(Recorded data)
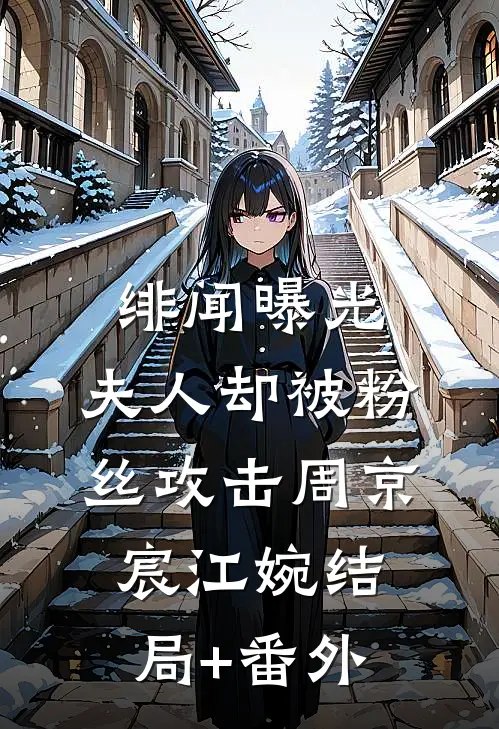 绯闻曝光，夫人却被粉丝攻击周京宸江婉结局+番外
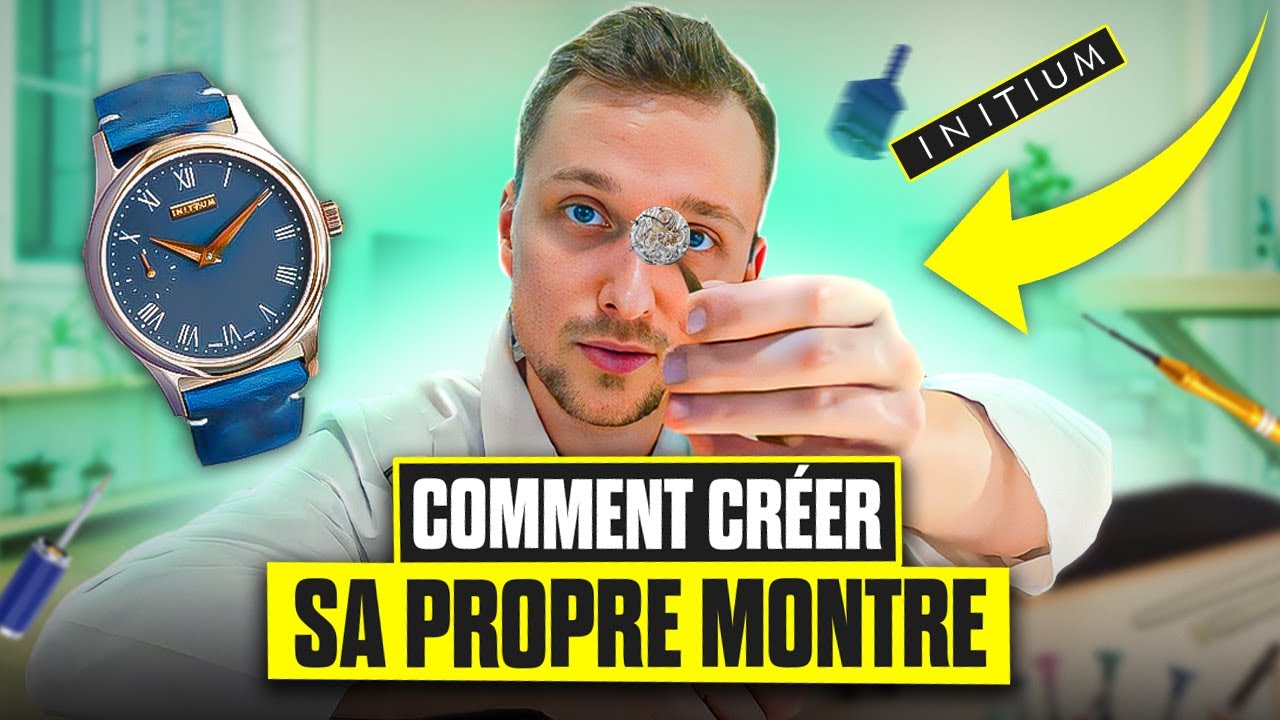 Comment créer sa montre soi-même ! Sur-mesure | Initium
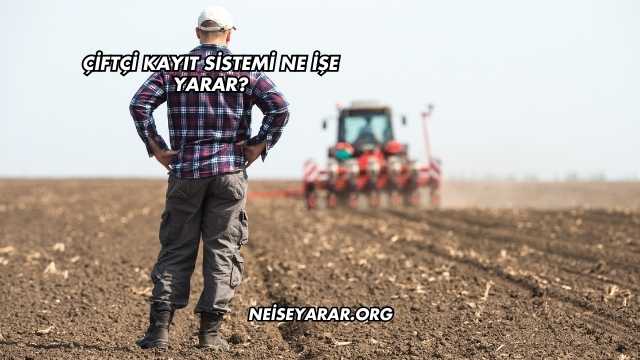 Çiftçi Kayıt Sistemi Ne İşe Yarar?
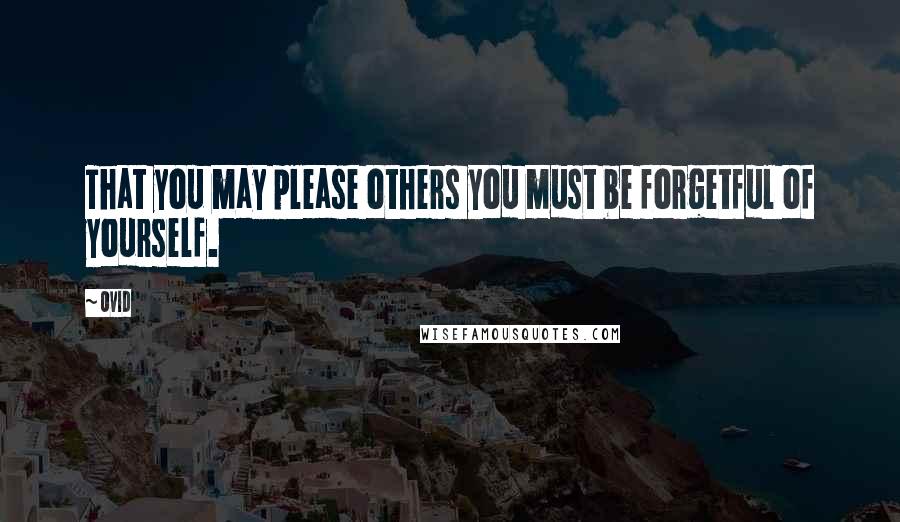 Ovid Quotes: That you may please others you must be forgetful of yourself.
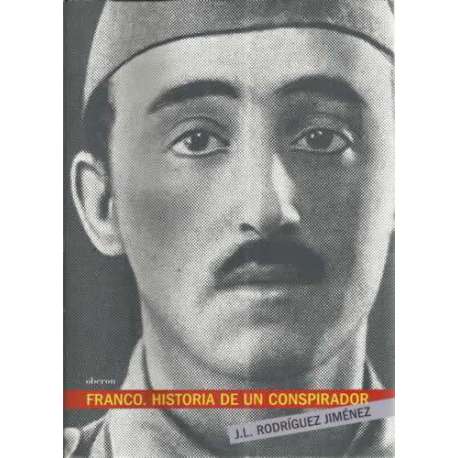 FRANCO. HISTORIA DE UN CONSPIRADOR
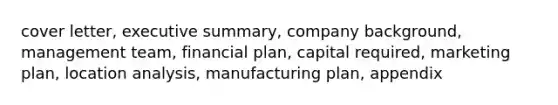 cover letter, executive summary, company background, management team, financial plan, capital required, marketing plan, location analysis, manufacturing plan, appendix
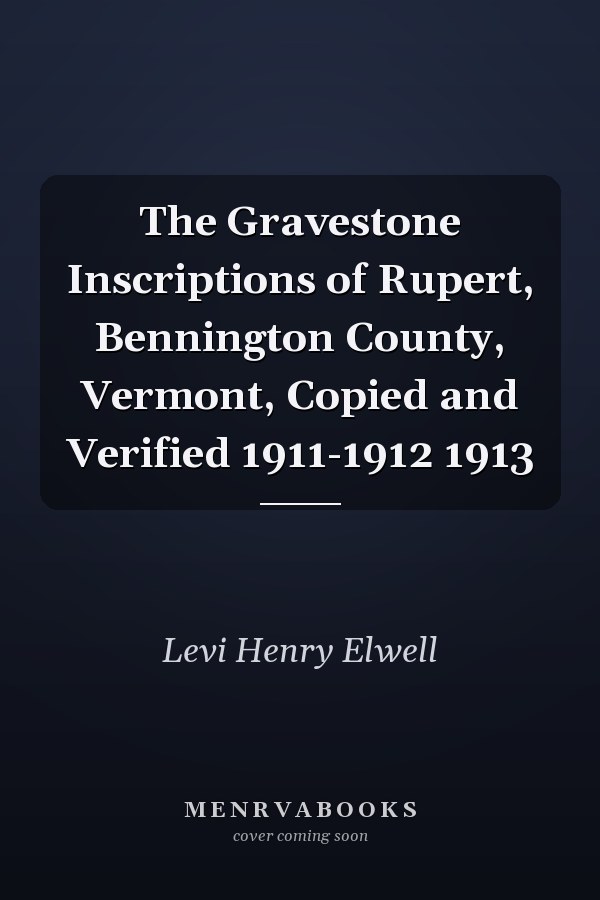 The Gravestone Inscriptions of Rupert, Bennington County, Vermont, Copied and Verified 1911-1912 1913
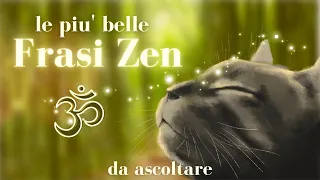 Affermazioni e Proverbi Zen per Meditare e Rilassarsi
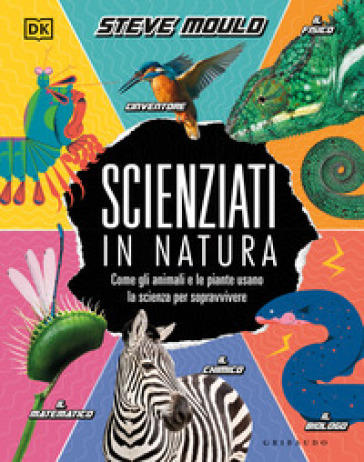 SCIENZIATI IN NATURA. COME GLI ANIMALI E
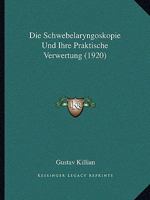 Die Schwebelaryngoskopie Und Ihre Praktische Verwertung (1920) 1168339871 Book Cover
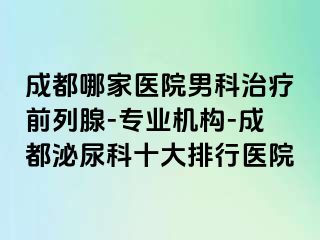 成都哪家医院男科治疗前列腺-专业机构-成都泌尿科十大排行医院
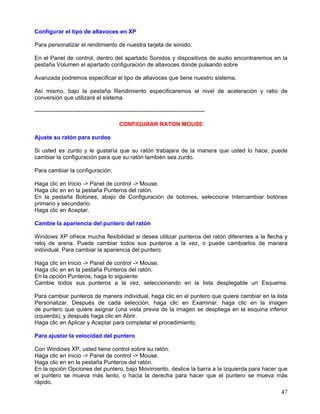 Configurar el tipo de altavoces en XP

Para personalizar el rendimiento de nuestra tarjeta de sonido.

En el Panel de control, dentro del apartado Sonidos y dispositivos de audio encontraremos en la
pestaña Volumen el apartado configuración de altavoces donde pulsando sobre

Avanzada podremos especificar el tipo de altavoces que tiene nuestro sistema.

Así mismo, bajo la pestaña Rendimiento especificaremos el nivel de aceleración y ratio de
conversión que utilizará el sistema.

-----------------------------------------------------------------------------------------

                                            CONFIGURAR RATON MOUSE

Ajuste su ratón para zurdos

Si usted es zurdo y le gustaría que su ratón trabajara de la manera que usted lo hace, puede
cambiar la configuración para que su ratón también sea zurdo.

Para cambiar la configuración:

Haga clic en Inicio -> Panel de control -> Mouse.
Haga clic en en la pestaña Punteros del ratón.
En la pestaña Botones, abajo de Configuración de botones, seleccione Intercambiar botónes
primario y secundario.
Haga clic en Aceptar.

Cambie la apariencia del puntero del ratón

Windows XP ofrece mucha flexibilidad si desea utilizar punteros del ratón diferentes a la flecha y
reloj de arena. Puede cambiar todos sus punteros a la vez, o puede cambiarlos de manera
individual. Para cambiar la apariencia del puntero:

Haga clic en Inicio -> Panel de control -> Mouse.
Haga clic en en la pestaña Punteros del ratón.
En la opción Punteros, haga lo siguiente:
Cambie todos sus punteros a la vez, seleccionando en la lista desplegable un Esquema.

Para cambiar punteros de manera individual, haga clic en el puntero que quiere cambiar en la lista
Personalizar. Después de cada selección, haga clic en Examinar, haga clic en la imagen
de puntero que quiere asignar (una vista previa de la imagen se despliega en la esquina inferior
izquierda), y después haga clic en Abrir.
Haga clic en Aplicar y Aceptar para completar el procedimiento.

Para ajustar la velocidad del puntero

Con Windows XP, usted tiene control sobre su ratón.
Haga clic en Inicio -> Panel de control -> Mouse.
Haga clic en en la pestaña Punteros del ratón.
En la opción Opciones del puntero, bajo Movimiento, deslice la barra a la izquierda para hacer que
el puntero se mueva más lento, o hacia la derecha para hacer que el puntero se mueva más
rápido.
                                                                                               47
 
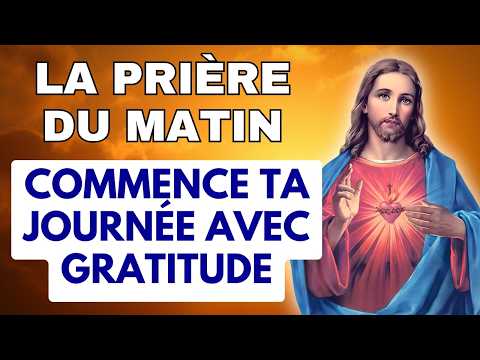 🌅 Prière du matin : Remercie Dieu dès le matin | Prière pour bien commencer la journée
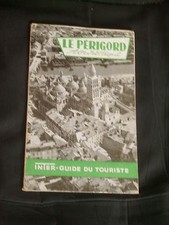Le Périgord touristique - Inter-guide du touriste - 1958 - 1ère édition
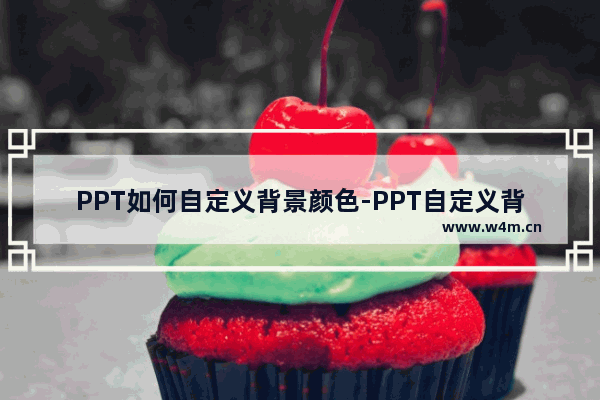 PPT如何自定义背景颜色-PPT自定义背景颜色的方法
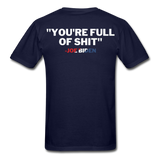 Joe Biden 2020 Funny Shirt You're Full of $h*t President TShirt [BackPrint Only] - navy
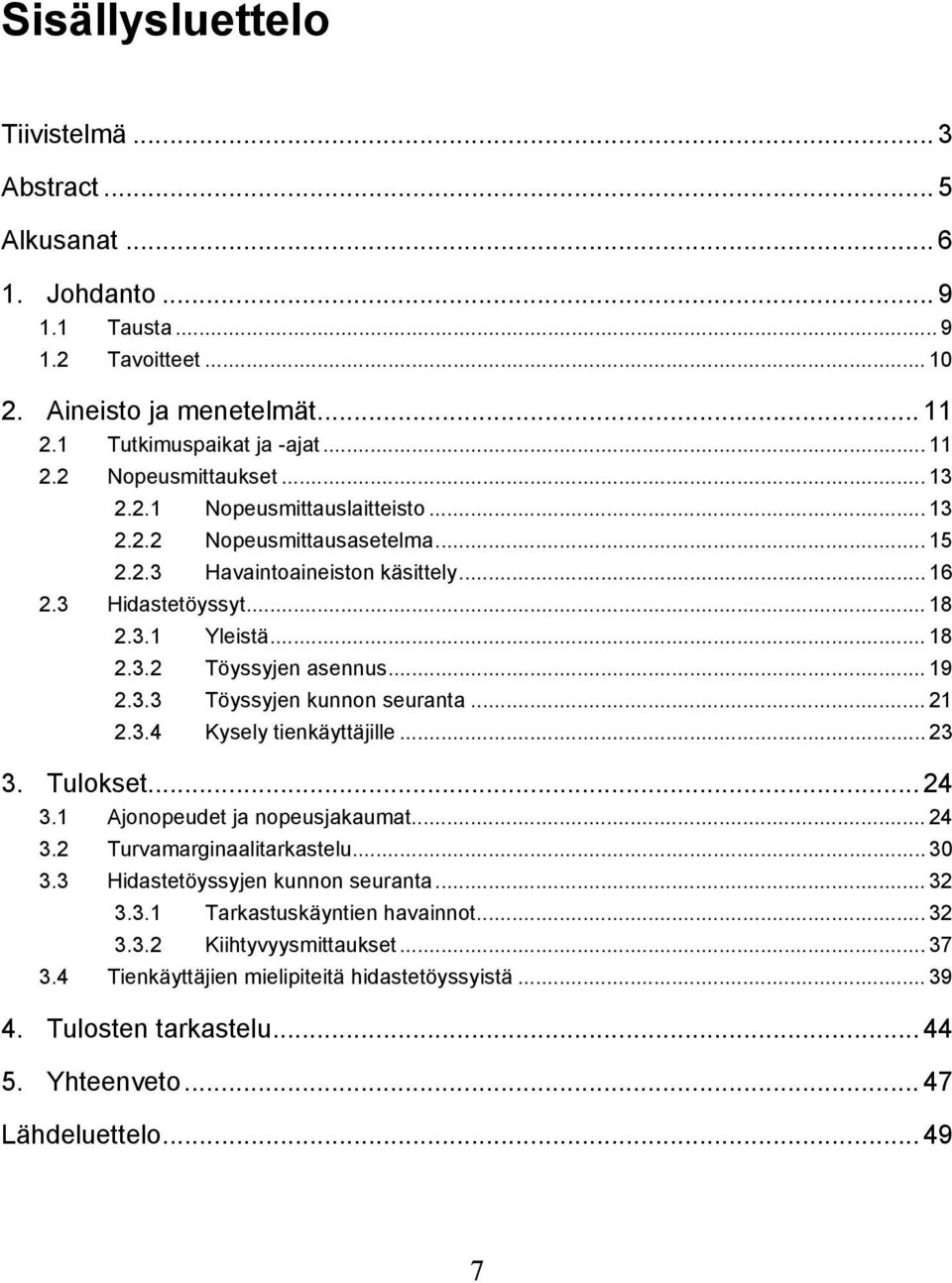 .. 21 2.3.4 Kysely tienkäyttäjille... 23 3. Tulokset... 24 3.1 Ajonopeudet ja nopeusjakaumat... 24 3.2 Turvamarginaalitarkastelu... 30 3.3 Hidastetöyssyjen kunnon seuranta... 32 3.3.1 Tarkastuskäyntien havainnot.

▶ **PROBLEM REQUIREMENTS**
In the reply, give again exactly the lines from the beginning of the entries above through the line with "conversión que utilizará el sistema."; pictures stay out.

▶ **ANSWER FOR THIS EXERCISE**
 绯闻曝光，夫人却被粉丝攻击周京宸江婉结局+番外
 Comment créer sa montre soi-même ! Sur-mesure | Initium
 Çiftçi Kayıt Sistemi Ne İşe Yarar?
 Ovid Quotes: That you may please others you must be forgetful of yourself.
 FRANCO. HISTORIA DE UN CONSPIRADOR
 cover letter, executive summary, company background, management team, financial plan, capital required, marketing plan, location analysis, manufacturing plan, appendix
 The Gravestone Inscriptions of Rupert, Bennington County, Vermont, Copied and Verified 1911-1912 1913
 Affermazioni e Proverbi Zen per Meditare e Rilassarsi
 SCIENZIATI IN NATURA. COME GLI ANIMALI E
 Die Schwebelaryngoskopie Und Ihre Praktische Verwertung (1920) 1168339871 Book Cover
 成都哪家医院男科治疗前列腺-专业机构-成都泌尿科十大排行医院
 Configurar el tipo de altavoces en XP

Para personalizar el rendimiento de nuestra tarjeta de sonido.

En el Panel de control, dentro del apartado Sonidos y dispositivos de audio encontraremos en la
pestaña Volumen el apartado configuración de altavoces donde pulsando sobre

Avanzada podremos especificar el tipo de altavoces que tiene nuestro sistema.

Así mismo, bajo la pestaña Rendimiento especificaremos el nivel de aceleración y ratio de
conversión que utilizará el sistema.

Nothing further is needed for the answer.